_LISTED RECORDS_
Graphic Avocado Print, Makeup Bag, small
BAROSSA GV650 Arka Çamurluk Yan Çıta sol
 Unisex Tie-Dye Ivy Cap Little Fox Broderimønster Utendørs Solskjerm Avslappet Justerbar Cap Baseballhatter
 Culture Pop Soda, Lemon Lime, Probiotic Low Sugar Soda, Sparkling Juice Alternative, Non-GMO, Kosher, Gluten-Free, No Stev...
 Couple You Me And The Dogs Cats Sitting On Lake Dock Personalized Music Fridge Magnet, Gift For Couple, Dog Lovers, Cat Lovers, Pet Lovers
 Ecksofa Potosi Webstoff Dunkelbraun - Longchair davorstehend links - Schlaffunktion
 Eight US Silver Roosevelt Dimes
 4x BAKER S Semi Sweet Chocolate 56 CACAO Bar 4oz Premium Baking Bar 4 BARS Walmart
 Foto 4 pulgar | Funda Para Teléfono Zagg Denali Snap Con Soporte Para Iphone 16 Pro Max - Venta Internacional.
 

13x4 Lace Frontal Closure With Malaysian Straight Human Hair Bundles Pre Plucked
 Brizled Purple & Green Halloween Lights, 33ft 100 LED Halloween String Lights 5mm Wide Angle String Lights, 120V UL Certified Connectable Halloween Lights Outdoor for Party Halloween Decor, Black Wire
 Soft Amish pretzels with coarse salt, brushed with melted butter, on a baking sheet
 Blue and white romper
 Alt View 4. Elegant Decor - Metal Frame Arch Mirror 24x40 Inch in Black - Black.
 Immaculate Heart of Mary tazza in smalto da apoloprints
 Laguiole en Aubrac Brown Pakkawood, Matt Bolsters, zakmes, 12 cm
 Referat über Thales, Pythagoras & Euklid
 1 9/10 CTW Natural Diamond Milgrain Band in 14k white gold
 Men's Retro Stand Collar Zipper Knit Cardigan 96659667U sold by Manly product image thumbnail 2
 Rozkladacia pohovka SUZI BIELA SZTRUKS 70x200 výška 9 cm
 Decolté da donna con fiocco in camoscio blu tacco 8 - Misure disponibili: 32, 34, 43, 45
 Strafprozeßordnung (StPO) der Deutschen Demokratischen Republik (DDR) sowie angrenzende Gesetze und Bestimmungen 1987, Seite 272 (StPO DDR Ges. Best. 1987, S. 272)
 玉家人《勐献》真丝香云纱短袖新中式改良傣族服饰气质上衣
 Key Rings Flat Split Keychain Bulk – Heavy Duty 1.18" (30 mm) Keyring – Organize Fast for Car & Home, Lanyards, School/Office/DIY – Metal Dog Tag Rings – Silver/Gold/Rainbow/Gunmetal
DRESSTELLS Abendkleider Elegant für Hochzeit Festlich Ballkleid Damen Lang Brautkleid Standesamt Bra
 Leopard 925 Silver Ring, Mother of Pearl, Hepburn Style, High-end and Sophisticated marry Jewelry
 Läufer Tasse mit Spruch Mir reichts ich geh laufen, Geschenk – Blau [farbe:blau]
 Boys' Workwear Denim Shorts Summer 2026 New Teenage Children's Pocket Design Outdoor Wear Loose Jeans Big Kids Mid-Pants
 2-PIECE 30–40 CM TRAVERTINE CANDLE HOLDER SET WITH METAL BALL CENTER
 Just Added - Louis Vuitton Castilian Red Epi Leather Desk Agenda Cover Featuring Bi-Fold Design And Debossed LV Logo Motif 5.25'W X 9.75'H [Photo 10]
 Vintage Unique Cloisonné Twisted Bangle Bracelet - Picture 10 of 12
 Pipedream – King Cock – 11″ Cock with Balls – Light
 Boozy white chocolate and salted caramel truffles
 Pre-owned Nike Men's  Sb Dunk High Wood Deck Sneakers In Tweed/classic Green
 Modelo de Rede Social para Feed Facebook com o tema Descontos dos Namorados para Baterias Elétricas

_TASK BRIEF_
Print the material verbatim, all of it.

_COMPLETED EXERCISE_
Graphic Avocado Print, Makeup Bag, small
BAROSSA GV650 Arka Çamurluk Yan Çıta sol
 Unisex Tie-Dye Ivy Cap Little Fox Broderimønster Utendørs Solskjerm Avslappet Justerbar Cap Baseballhatter
 Culture Pop Soda, Lemon Lime, Probiotic Low Sugar Soda, Sparkling Juice Alternative, Non-GMO, Kosher, Gluten-Free, No Stev...
 Couple You Me And The Dogs Cats Sitting On Lake Dock Personalized Music Fridge Magnet, Gift For Couple, Dog Lovers, Cat Lovers, Pet Lovers
 Ecksofa Potosi Webstoff Dunkelbraun - Longchair davorstehend links - Schlaffunktion
 Eight US Silver Roosevelt Dimes
 4x BAKER S Semi Sweet Chocolate 56 CACAO Bar 4oz Premium Baking Bar 4 BARS Walmart
 Foto 4 pulgar | Funda Para Teléfono Zagg Denali Snap Con Soporte Para Iphone 16 Pro Max - Venta Internacional.
 

13x4 Lace Frontal Closure With Malaysian Straight Human Hair Bundles Pre Plucked
 Brizled Purple & Green Halloween Lights, 33ft 100 LED Halloween String Lights 5mm Wide Angle String Lights, 120V UL Certified Connectable Halloween Lights Outdoor for Party Halloween Decor, Black Wire
 Soft Amish pretzels with coarse salt, brushed with melted butter, on a baking sheet
 Blue and white romper
 Alt View 4. Elegant Decor - Metal Frame Arch Mirror 24x40 Inch in Black - Black.
 Immaculate Heart of Mary tazza in smalto da apoloprints
 Laguiole en Aubrac Brown Pakkawood, Matt Bolsters, zakmes, 12 cm
 Referat über Thales, Pythagoras & Euklid
 1 9/10 CTW Natural Diamond Milgrain Band in 14k white gold
 Men's Retro Stand Collar Zipper Knit Cardigan 96659667U sold by Manly product image thumbnail 2
 Rozkladacia pohovka SUZI BIELA SZTRUKS 70x200 výška 9 cm
 Decolté da donna con fiocco in camoscio blu tacco 8 - Misure disponibili: 32, 34, 43, 45
 Strafprozeßordnung (StPO) der Deutschen Demokratischen Republik (DDR) sowie angrenzende Gesetze und Bestimmungen 1987, Seite 272 (StPO DDR Ges. Best. 1987, S. 272)
 玉家人《勐献》真丝香云纱短袖新中式改良傣族服饰气质上衣
 Key Rings Flat Split Keychain Bulk – Heavy Duty 1.18" (30 mm) Keyring – Organize Fast for Car & Home, Lanyards, School/Office/DIY – Metal Dog Tag Rings – Silver/Gold/Rainbow/Gunmetal
DRESSTELLS Abendkleider Elegant für Hochzeit Festlich Ballkleid Damen Lang Brautkleid Standesamt Bra
 Leopard 925 Silver Ring, Mother of Pearl, Hepburn Style, High-end and Sophisticated marry Jewelry
 Läufer Tasse mit Spruch Mir reichts ich geh laufen, Geschenk – Blau [farbe:blau]
 Boys' Workwear Denim Shorts Summer 2026 New Teenage Children's Pocket Design Outdoor Wear Loose Jeans Big Kids Mid-Pants
 2-PIECE 30–40 CM TRAVERTINE CANDLE HOLDER SET WITH METAL BALL CENTER
 Just Added - Louis Vuitton Castilian Red Epi Leather Desk Agenda Cover Featuring Bi-Fold Design And Debossed LV Logo Motif 5.25'W X 9.75'H [Photo 10]
 Vintage Unique Cloisonné Twisted Bangle Bracelet - Picture 10 of 12
 Pipedream – King Cock – 11″ Cock with Balls – Light
 Boozy white chocolate and salted caramel truffles
 Pre-owned Nike Men's  Sb Dunk High Wood Deck Sneakers In Tweed/classic Green
 Modelo de Rede Social para Feed Facebook com o tema Descontos dos Namorados para Baterias Elétricas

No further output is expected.